Flaw #3: Predatory recruitment
Most of us have a shameless aunt peddling nutritional shakes with before and after photos on her Facebook wall. Social media gives an
annoying even playing field for network marketers to heave their deals all over Instagram and Facebook.
It’s hitting millennials, too. In fact, luring 20-somethings has become the modus operandi of many newer MLM companies (see: Wake Up Now, Vemma). That’s precisely what got Vemma into trouble (they were shut down by the FTC in August, 2015). They aggressively targeted college campuses to recruit reps for their energy drinks. Vemma distributors who arrived on campuses even trashed the idea of going to college, reported the New York Post in 2013 (16).
“College doesn’t guarantee anything but student loans”, one Vemma rep was quoted. Although I agree college is overrated and Vemma shouldn’t have been shut down (where do you draw the line?), you can see where Vemma messed up. They were grossly exaggerating the chance of success to new recruits, while pressuring students with BMW leases and offering $9,600 per year towards paying back student loans.

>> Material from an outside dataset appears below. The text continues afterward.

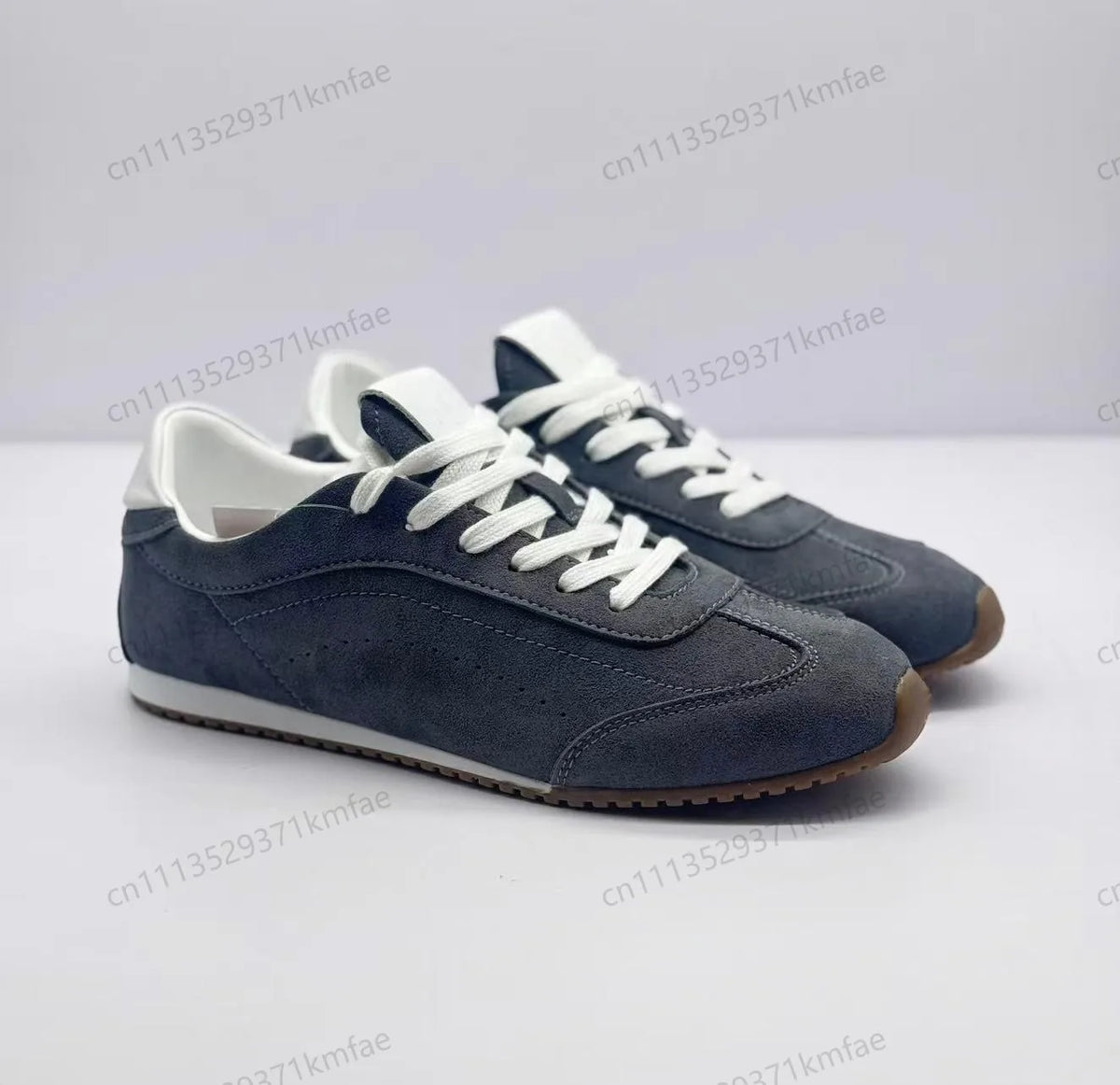 Sneakers femme rétro à lacets – CLEVI Paris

Herbalife does it through “nutrition clubs”, which are meetings where people drink Herbalife shakes and talk about healthy lifestyles. They get support and positive reinforcement for losing weight, too.

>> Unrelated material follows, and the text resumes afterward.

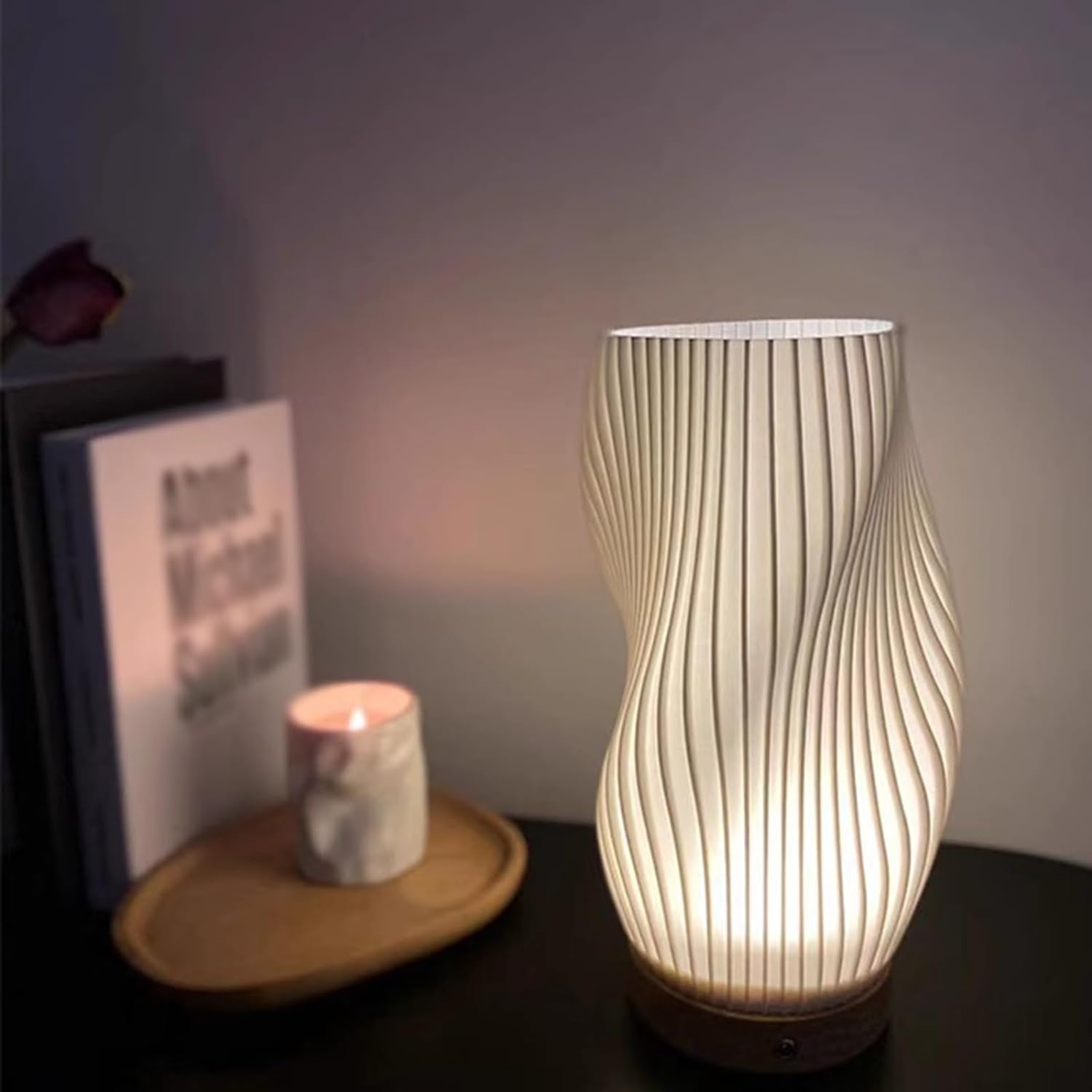 GlowCurve | Dimmable Table Lamp – USB-Powered Wave Design for Modern Spaces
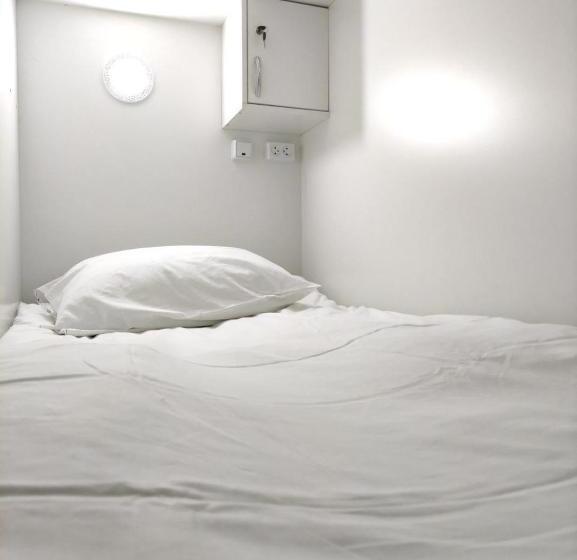 Nomadstan Capsule Hostel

Again, it’s called “predatory” when recruitment targets people without them knowing the full story. When the clubs are seemingly set up to help people lose weight but actually there’s an ulterior motive (recruiting), that predatory feeling comes back. The New York Post reported on some of the nutrition clubs in the metro NY area (there are around 3,000 in that area alone) (17).
One club leader told participants: “People are going to see this and want to duplicate this and that’s when you start making royalties, which is the exciting part of our business.” I’m not hating on clubs, but club members aren’t being schooled that, in 2014, 99.7% of all MLM participants lost money (5). Or that, of those who made money, the average annual income was $5,000.
Sure, there’s exceptions, and they’re remarkable stories. Like Synara Brown (18), who makes $300,000 per year while taking care of her three children. It’s a beautiful thing, and it shows that hard work can defy the odds. But that doesn’t mean there isn’t a better way.
In 2014, there were over 18 million people in the US alone involved in some form of MLM (19). It seems to have trended in recent years:
Obviously, it’s working for some.
I’m far from an MLM hater. In fact, I was a 1%-er in an MLM a few years ago, although this was 100% done through blogging. I never knew anyone before they signed up, so I avoided 3-way calls, home meetings, spamming my Facebook friends and approaching well-dressed people at Trader Joe’s.
Yet, I still left because I didn’t like making money when most of my downline was failing. Ask yourself this uncomfortable question:
Am I pretending to like these overpriced products to disguise the truth, which is that I’m selling an opportunity to make money, whereby statistics say that almost no one is?